• **EXERCISE**
What you write should match, word for word, the lines from the one containing "BOKER USA INC" through the end of the data, with no pictures.

• **SUPPLIED INFORMATION**
=======
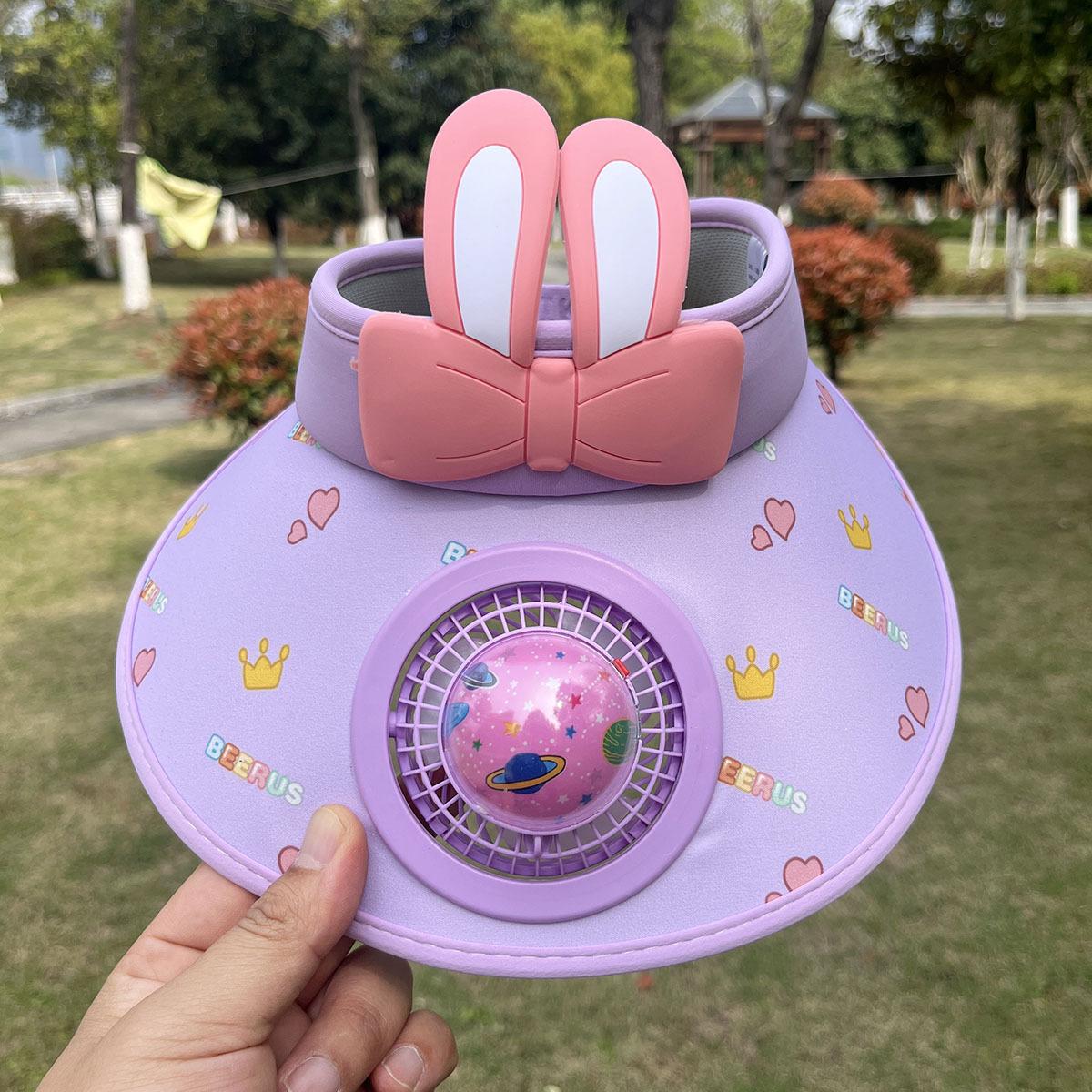 Детская шляпа от солнца Мальчиковая шляпа от солнца Девочковая шляпа от солнца Мальчиковая шляпа с открытым верхом Детская шляпа Шляпа-веер Мультяшная Милая 50-54cm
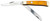 BOKER USA INC Boker 110835 Trapper Traditional Clip Point/Spey Plain D2 Steel Blade Smooth Yellow Bone Handle
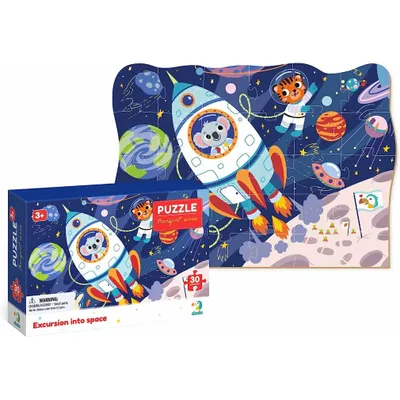 Produktbild von DODO Puzzle Transport: Reise ins All 30 Teile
=======
• **TASK SOLUTION**
 BOKER USA INC Boker 110835 Trapper Traditional Clip Point/Spey Plain D2 Steel Blade Smooth Yellow Bone Handle
 Produktbild von DODO Puzzle Transport: Reise ins All 30 Teile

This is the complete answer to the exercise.